Starting at the line that contains "A bathroom with" and ending at the line that contains "Fred Perry Polo", the lines below are to be given again exactly, with nothing added.

- _Listed records_:
BEGIN

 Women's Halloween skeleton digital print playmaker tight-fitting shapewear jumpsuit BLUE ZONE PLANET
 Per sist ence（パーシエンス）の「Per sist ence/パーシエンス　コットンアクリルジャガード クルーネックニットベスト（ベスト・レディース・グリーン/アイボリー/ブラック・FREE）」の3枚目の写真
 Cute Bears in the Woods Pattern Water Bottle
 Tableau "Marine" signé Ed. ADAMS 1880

END
BEGIN

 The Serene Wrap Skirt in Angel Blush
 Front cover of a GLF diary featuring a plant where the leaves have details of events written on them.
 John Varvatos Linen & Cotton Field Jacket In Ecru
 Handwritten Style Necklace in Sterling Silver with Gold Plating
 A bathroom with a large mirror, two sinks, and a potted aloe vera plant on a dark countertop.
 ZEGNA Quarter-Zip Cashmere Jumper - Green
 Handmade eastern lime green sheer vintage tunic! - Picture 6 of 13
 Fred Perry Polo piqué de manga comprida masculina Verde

END

- _Result_:
 A bathroom with a large mirror, two sinks, and a potted aloe vera plant on a dark countertop.
 ZEGNA Quarter-Zip Cashmere Jumper - Green
 Handmade eastern lime green sheer vintage tunic! - Picture 6 of 13
 Fred Perry Polo piqué de manga comprida masculina Verde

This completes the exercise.